I teach my students to focus on marketing and provide depth with stories and personal experiences. I get the impression that Tony believes these are mutually exclusive goals. I don’t.
By definition, every single person is an expert in their own life. The power of giving everyone a voice, which is what we do at Medium, is that we get to learn from every variation of expertise.
Medium, other writing platforms and social media sites have been trending in this direction for a while now. This trend is supported by the wants and needs of readers.
People are tired of hearing regurgitated and remixed ideas.
You should draw from your own life experiences to give advice or tell stories instead of having to ‘come up with’ content.
You will have to demonstrate how you’ve implemented what you’re talking about in your posts nowadays or else people won’t listen to you.
- Learn concepts, test them, then teach them
- Take an inventory of all the problems you’ve overcome, challenges you’ve faced, skills/lessons you’ve learned, and relevant stories you can share then use those as ideas for content
- You might, for a time, have to go out and get some more real-world experience before you start positioning yourself as an authority
I am in agreement with Tony and Medium’s thinking here.
He was right when he said:
There’s a lot of fake stuff everywhere else.
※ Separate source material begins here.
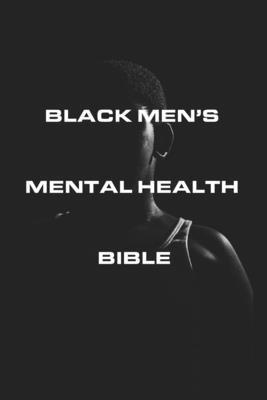 Black Men's Mental Health Bible - Casanova Williams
We’re trying to help encourage writers to share the real stuff — real wisdom — and help give readers an opportunity to receive it.
If you’re a writer, especially if you’re a full-time writer, you start to pick up certain marketing skills. But I don’t think these marketing skills should be required for everyone. You shouldn’t be required to build your own mailing list, you shouldn’t have to learn SEO, you shouldn’t have to build a social media following. Yes, those are all valuable tools of the trade for professional writers — but they undercut the idea of social media giving a voice to everyone.
Maybe you shouldn’t be required to learn skills and build assets like an email list. But you have to if you want to be a professional writer. And many writers on Medium want to become professional writers.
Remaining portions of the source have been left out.